L’État fantôme et l’impasse politique

Au-delà des violences, c’est tout l’édifice étatique qui s’effrite. L’accord du 3 avril 2024 qui avait donné naissance au Conseil Présidentiel de Transition ? Lettre morte. Les élections promises pour organiser un transfert de pouvoir légitime le 7 février 2026 ? Un mirage qui s’éloigne chaque jour davantage.

« Un effondrement complet de l’État, une gouvernance minée par la corruption et l’impunité érigées en système », résume Pierre Espérance. Un constat amer qui fait écho aux conversations dans nos familles dispersées aux quatre coins du monde, où l’on se demande si Haïti retrouvera un jour le chemin de la stabilité.

L’impunité, racine de tous les maux

Depuis 2018, combien d’auteurs de crimes de sang, de viols collectifs ou de détournements de fonds ont été jugés ? La réponse tient en un mot : aucun.

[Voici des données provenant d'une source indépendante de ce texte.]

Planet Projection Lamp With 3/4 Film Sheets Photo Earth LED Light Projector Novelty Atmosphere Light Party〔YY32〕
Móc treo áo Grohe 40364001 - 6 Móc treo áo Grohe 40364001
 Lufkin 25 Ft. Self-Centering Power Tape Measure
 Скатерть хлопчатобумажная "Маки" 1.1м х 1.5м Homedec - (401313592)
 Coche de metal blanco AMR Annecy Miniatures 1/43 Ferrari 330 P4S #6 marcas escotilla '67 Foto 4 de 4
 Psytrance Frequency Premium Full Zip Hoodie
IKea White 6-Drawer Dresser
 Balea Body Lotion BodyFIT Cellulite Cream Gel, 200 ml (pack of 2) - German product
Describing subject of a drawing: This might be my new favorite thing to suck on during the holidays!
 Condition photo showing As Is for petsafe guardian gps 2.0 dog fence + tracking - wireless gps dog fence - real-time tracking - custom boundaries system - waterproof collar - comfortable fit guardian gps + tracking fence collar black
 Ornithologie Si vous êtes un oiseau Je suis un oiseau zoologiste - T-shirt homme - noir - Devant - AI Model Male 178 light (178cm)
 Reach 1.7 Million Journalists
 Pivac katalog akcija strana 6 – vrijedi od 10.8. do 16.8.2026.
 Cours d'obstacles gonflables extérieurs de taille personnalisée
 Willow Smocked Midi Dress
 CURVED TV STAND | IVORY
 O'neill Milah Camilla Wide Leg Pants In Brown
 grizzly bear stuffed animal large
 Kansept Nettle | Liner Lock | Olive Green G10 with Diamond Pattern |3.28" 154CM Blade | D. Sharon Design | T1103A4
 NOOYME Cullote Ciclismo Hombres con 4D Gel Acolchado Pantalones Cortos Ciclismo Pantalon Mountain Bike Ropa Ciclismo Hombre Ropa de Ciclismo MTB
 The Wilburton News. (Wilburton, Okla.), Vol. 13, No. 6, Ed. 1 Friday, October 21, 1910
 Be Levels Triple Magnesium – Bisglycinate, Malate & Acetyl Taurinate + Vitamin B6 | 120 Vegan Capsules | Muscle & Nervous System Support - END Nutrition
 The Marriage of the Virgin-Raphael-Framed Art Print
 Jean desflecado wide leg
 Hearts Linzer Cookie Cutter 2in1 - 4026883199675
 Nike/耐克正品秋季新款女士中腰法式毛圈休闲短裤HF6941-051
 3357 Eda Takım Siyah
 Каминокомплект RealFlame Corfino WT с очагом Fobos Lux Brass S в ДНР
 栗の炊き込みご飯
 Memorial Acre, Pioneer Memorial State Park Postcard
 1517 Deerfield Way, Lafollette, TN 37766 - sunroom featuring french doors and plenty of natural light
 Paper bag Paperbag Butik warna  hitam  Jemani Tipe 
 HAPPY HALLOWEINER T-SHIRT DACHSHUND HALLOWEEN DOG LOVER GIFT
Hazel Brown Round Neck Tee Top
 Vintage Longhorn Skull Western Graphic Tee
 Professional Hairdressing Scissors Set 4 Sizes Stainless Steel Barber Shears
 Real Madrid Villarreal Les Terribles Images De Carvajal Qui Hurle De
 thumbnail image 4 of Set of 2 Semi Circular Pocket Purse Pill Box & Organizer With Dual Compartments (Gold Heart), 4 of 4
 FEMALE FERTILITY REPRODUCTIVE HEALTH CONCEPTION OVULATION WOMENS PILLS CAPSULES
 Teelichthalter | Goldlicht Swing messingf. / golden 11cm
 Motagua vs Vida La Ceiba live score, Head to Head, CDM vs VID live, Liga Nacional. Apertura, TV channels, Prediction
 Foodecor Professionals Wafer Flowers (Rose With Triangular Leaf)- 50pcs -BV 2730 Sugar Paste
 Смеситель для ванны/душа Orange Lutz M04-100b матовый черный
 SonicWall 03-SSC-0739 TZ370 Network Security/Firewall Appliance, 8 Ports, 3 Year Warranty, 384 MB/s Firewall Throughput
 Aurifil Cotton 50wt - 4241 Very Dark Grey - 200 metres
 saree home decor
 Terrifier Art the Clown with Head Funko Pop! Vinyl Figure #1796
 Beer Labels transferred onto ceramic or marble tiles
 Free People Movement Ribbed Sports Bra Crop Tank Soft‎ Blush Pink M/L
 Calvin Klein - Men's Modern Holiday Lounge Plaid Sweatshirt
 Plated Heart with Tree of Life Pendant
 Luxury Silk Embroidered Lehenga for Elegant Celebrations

Cette impunité généralisée nourrit un cercle vicieux que Pierre Espérance résume parfaitement : « Quand on aborde le problème d’Haïti, il faut voir un ensemble indissociable : gouvernance, impunité et insécurité. »

Pour nos frères et sœurs qui envoient encore de l’argent au pays, qui financent des écoles ou des projets communautaires, cette réalité est particulièrement frustrante. Comment construire quand tout s’effondre ? Comment investir dans l’avenir quand le présent semble sans espoir ?

La Francophonie, dernier recours ?

En s’adressant à Louise Mushikiwabo, Pierre Espérance mise sur les liens historiques et linguistiques qui unissent Haïti à la Francophonie. Après tout, notre pays fut le deuxième de l’histoire à adopter le français comme langue officielle, et nos écrivains, de Jacques Roumain à Dany Laferrière, ont enrichi la littérature francophone mondiale.

Mais les belles paroles suffiront-elles ? La communauté internationale a déjà tant promis et si peu livré. Entre les résolutions de l’ONU, les déclarations du Core Group et les promesses d’aide, les Haïtiens ont appris à se méfier des effets d’annonce.

Pierre Espérance a eu le courage de dire tout haut ce que beaucoup murmurent tout bas : Haïti est à l’agonie. Reste à savoir si son cri d’alarme trouvera écho dans les chancelleries ou s’il se perdra dans le brouhaha diplomatique. Pour les millions d’Haïtiens qui espèrent encore, l’attente devient insoutenable.